Two months after the game cover crop went in, some odd things have happened. One species from the kale/turnip/radish mix has done brilliantly well and some of the shoots are now almost three feet tall, with small clusters of white and pinkish flowers at the end of each stem. The only problem is that I’m still totally unable to tell what it is. The shape of the flower makes me think that it’s a radish plant, but when I pulled one up, there was no sign of anything even slightly resembling a radish below the soil surface.

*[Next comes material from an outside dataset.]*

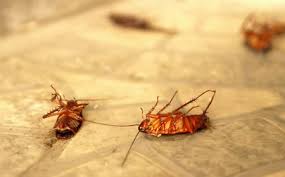 Our pest treatment plan brings 365 days of guaranteed protection for changing seasonal home pest threats. Anderson Pest Control Solutions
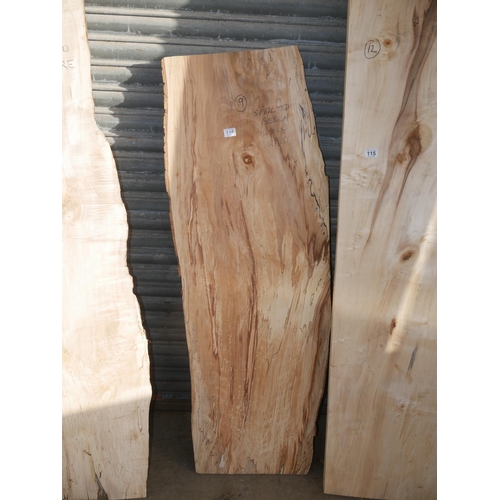 116 - SLAB OF SPALTED BEECH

I would have no problem with these plants if it wasn’t for the fact that they are so tall and skinny. There are thousands of them, but each plant takes up such a small space that it can hardly be called cover. There are few leaves, and they are all small. I wonder if the wet summer has meant that rather than grow small and bushy, the radishes have bolted into leggy weeds without ever having consolidated their progress underground. It’s a bit of a serious question, because unless the radish plants get a second wind and thicken out a bit, the game cover is not going to be able to provide much in the way of cover.

There are kale plants here and there, but it’s hard to see why they haven’t done as well as they should have. Perhaps the weather’s been so wet that they never really got out of the starting blocks. There is a huge quantity of turnips, but the pigeons are fixedly eating the tops, leaving the shaws as little more than a tatter of stems. A few have managed to escape the pigeons, and they are now proudly showing purple turnip heads which are almost the size of chicken eggs. The thin strip of triticale has done superbly well, and I’ll certainly have to bear it in mind for the future as having serious potential on the Chayne.

In amongst the game cover, the bee mix is starting to crackle into life with spots and blots of colour at around ankle height. The phacelia and borage are coming through brilliantly, and there is a noticeable concentration of butterflies and insects on the field. I suppose that providing a general boost to the local wildlife was the aim of the game from the beginning, so I can hardly complain. I just hope that something steps into the breach and bushes out, because things are looking pretty sparse in the meantime.